Required action: Output only the lines from the one holding "Black and Gold Bib Necklace" to the end of the data below, please, copied exactly.
(The data begins)
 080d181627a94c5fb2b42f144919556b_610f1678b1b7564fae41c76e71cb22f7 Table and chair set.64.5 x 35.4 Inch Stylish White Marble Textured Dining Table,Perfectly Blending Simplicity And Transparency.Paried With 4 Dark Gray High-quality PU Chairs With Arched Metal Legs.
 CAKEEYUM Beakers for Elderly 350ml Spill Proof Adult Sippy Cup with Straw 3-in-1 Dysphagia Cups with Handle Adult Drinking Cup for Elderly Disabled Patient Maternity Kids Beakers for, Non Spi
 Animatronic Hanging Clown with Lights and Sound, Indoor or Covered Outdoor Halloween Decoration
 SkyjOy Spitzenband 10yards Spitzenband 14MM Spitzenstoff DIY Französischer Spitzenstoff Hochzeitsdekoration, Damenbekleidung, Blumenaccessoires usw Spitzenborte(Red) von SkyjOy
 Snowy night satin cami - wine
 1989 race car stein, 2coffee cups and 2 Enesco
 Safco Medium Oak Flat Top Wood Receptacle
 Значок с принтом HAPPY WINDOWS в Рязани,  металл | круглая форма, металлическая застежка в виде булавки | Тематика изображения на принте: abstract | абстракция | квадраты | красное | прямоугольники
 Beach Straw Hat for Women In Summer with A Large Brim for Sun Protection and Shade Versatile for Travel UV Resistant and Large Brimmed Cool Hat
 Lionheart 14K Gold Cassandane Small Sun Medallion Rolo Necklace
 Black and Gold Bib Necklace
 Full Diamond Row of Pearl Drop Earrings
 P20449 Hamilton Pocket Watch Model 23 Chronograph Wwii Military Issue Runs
(The data ends)
Task output:
 Black and Gold Bib Necklace
 Full Diamond Row of Pearl Drop Earrings
 P20449 Hamilton Pocket Watch Model 23 Chronograph Wwii Military Issue Runs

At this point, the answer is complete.